Present exactly, and only, the lines running from the line that contains "Divisori intercalari A4" through the end of the entries below.

* [EXERCISE DATA]:
[Start of Attachment]

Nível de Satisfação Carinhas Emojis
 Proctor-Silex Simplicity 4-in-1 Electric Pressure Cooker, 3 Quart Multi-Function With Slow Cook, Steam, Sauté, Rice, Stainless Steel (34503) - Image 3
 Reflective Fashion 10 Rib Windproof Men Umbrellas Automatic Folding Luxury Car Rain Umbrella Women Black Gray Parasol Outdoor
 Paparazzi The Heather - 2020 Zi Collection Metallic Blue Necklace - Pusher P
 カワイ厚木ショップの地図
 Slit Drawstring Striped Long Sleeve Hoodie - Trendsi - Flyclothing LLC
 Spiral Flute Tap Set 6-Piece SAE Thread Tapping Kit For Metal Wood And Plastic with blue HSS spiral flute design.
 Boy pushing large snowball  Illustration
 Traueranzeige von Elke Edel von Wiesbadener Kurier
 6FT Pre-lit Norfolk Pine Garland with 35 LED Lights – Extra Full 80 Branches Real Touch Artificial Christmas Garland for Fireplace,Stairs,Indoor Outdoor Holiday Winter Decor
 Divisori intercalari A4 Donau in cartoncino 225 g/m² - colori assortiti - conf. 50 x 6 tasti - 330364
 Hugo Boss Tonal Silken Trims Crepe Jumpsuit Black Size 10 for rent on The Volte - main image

[End of Attachment]

* [FINISHED TASK]:
 Divisori intercalari A4 Donau in cartoncino 225 g/m² - colori assortiti - conf. 50 x 6 tasti - 330364
 Hugo Boss Tonal Silken Trims Crepe Jumpsuit Black Size 10 for rent on The Volte - main image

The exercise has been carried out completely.